16-05-2025
What are the best BBQ team names? 10 of our favorites from Memphis in May and SmokeSlam
What's in a name?
Shakespeare asked that question in his play, "Romeo and Juliet.'
Specifically, the character of Juliet Capulet formulates the famous query, while appearing to suggest that a name is irrelevant as a measure of the essence of a thing.
'What's in a name? That which we call a rose by any other name would smell as sweet," Juliet affirms.
If the Bard of Avon had been instead a Balladeer of Beale, he might have been less swift to dismiss the meaning of monikers (even as he agreed that a rib by any other name would smell as, er, meat).

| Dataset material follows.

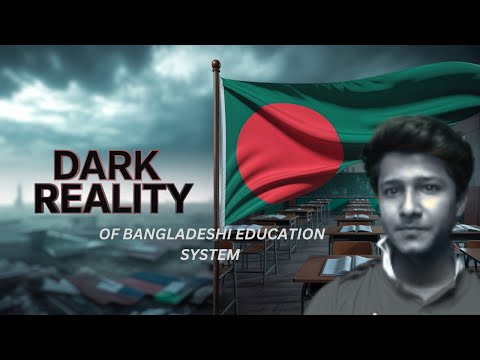 Reality of Bangladesh 🇧🇩 Education system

That's because he'd probably be aware that the Memphis in May World Championship Barbecue Cooking Contest and its upstart rival, the SmokeSlam barbecue contest, are loaded with cooking squads that likely labored (la-boar-ed?) long and hard over their team names.
In fact, a favorite activity of those visiting the cooking contests is to stroll among the booths while marveling at not just the elaborate decorations and the savory smells but the startling sobriquets.

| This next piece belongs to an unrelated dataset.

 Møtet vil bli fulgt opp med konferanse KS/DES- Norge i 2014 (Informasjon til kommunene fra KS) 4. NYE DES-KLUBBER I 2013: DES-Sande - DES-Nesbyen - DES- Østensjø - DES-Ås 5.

The 47th Memphis in May International Festival barbecue contest runs May 14-17 in the Liberty Park/Tiger Lane space.
Meanwhile, from May 15-17, the second SmokeSlam barbecue competition, a project of Mempho Presents, will occupy Tom Lee Park.
Memphis in May hosts close to 130 teams. SmokeSlam has attracted 77. Each team has a name, and many of them are clever, creative or just plan corny. They put the pun in the phrase cruel and unusual punishment.

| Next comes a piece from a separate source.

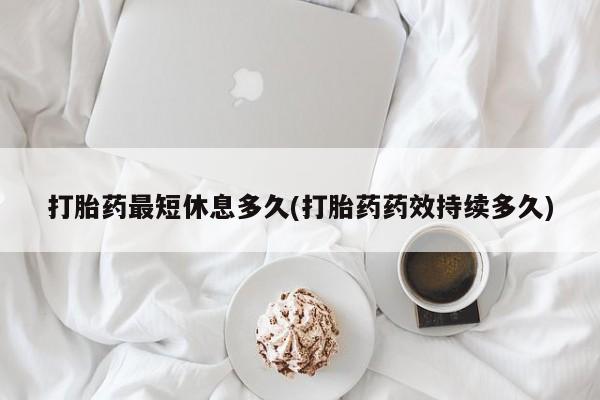打胎药哪里能买到意外怀孕咨询打胎药最短休息多久(打胎药药效持续多久)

For example: One Memphis in May team calls itself "The Usual Saucespects." Another is simply "Swinefeld."
So here, for you to chew on, is an entirely subjective selection of 10 of the best barbecue team names. What more can we say but — to borrow the name of a Memphis in May rib team that made the cut — bone appétit!
Credit team co-founder Glen Thomas with the simple and immediately identifiable pun that connects his SmokeSlam pulled pork crew with George R.R. Martin's epic fantasy novels and their HBO adaptations. In fact, the "Game of Thrones" allusions carry over to the team's many original sauces, which aren't punny but are "tongue in cheek," Thomas said, and inspired by the characters that motivate Martin's epic saga. For instance, "Sansa's Tears" is a sauce of smoked onion and honey mustard; "The House of the Dragon" is a sriracha-based garlic sauce; and the new "Queen of Thorns" mixes sea salt and vinegar.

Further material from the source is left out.